From: Zach Brown <zab@redhat.com>
To: "Martin K. Petersen" <martin.petersen@oracle.com>,
Trond Myklebust <Trond.Myklebust@netapp.com>,
linux-kernel@vger.kernel.org, linux-fsdevel@vger.kernel.org,
linux-btrfs@vger.kernel.org, linux-nfs@vger.kernel.org
Subject: [RFC v0 1/4] vfs: add copy_range syscall and vfs entry point
Date: Tue, 14 May 2013 14:15:23 -0700 [thread overview]
Message-ID: <1368566126-17610-2-git-send-email-zab@redhat.com> (raw)

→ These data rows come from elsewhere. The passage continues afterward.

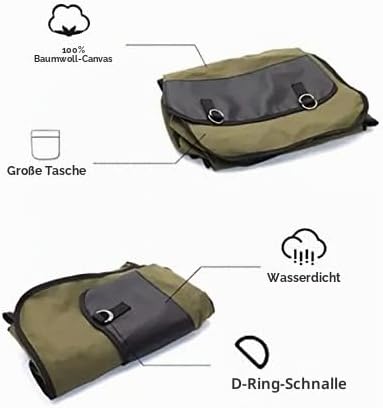 Fahrradtasche Fahrrad, Kapazität Gepäckträger Koffer Rücksitztaschen Grosses Gepäckträgerpaket Motor
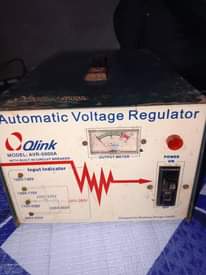 A picture of Original Qlink Stapliza 5000w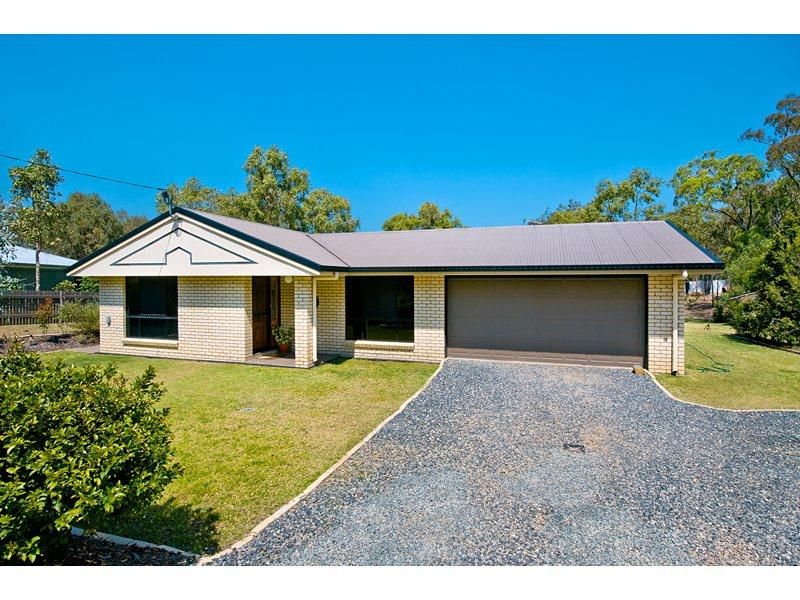 18 Ballard Street, LAKES CREEK, QLD 4701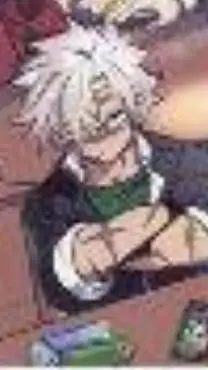 ai character: sanemi background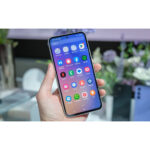 گوشی موبایل سامسونگ مدل Galaxy A06 دو سیم کارت ظرفیت 64 گیگابایت و رم 4 گیگابایت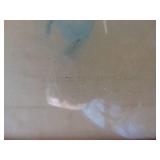 Vintage BAby Piucture - Art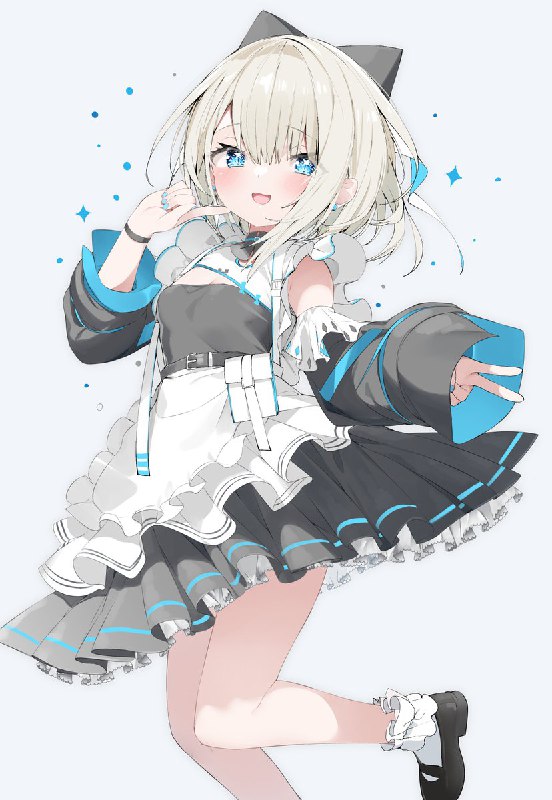 #とうといえ配信お疲れさま！絲依といちゃんをよろしくね✨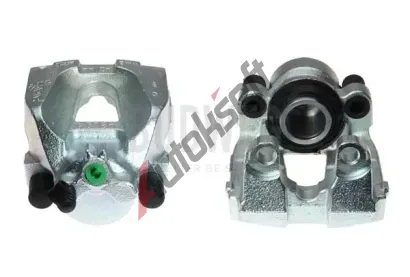 BUDWEG CALIPER Brzdov tmen BWC 345045, 345045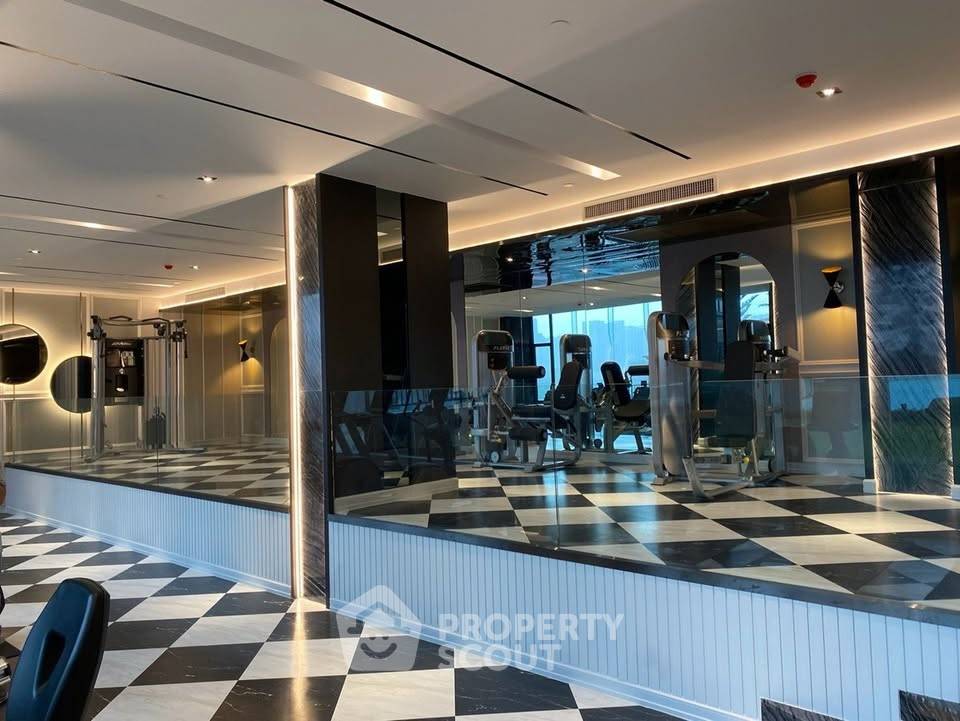 รูป คอนโด 2-ห้องนอน ที่ ศุภาลัย ไลท์ ท่าพระ - วงเวียนใหญ่ ใกล้ MRT ท่าพระ (ID 2923184) - รูปที่ 7/33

In-Reply-To: <1368566126-17610-1-git-send-email-zab@redhat.com>
This adds a syscall and vfs entry point for clone_range which offloads
data copying between existing files.
The syscall is a thin wrapper around the vfs entry point. Its arguments
are inspired by sys_splice().
The behaviour of the vfs helper is derived from the current btrfs
CLONE_RANGE ioctl.
---
fs/Makefile | 2 +-
fs/copy_range.c | 127 ++++++++++++++++++++++++++++++++++++++
include/linux/fs.h | 3 +
include/uapi/asm-generic/unistd.h | 4 +-
kernel/sys_ni.c | 1 +
5 files changed, 135 insertions(+), 2 deletions(-)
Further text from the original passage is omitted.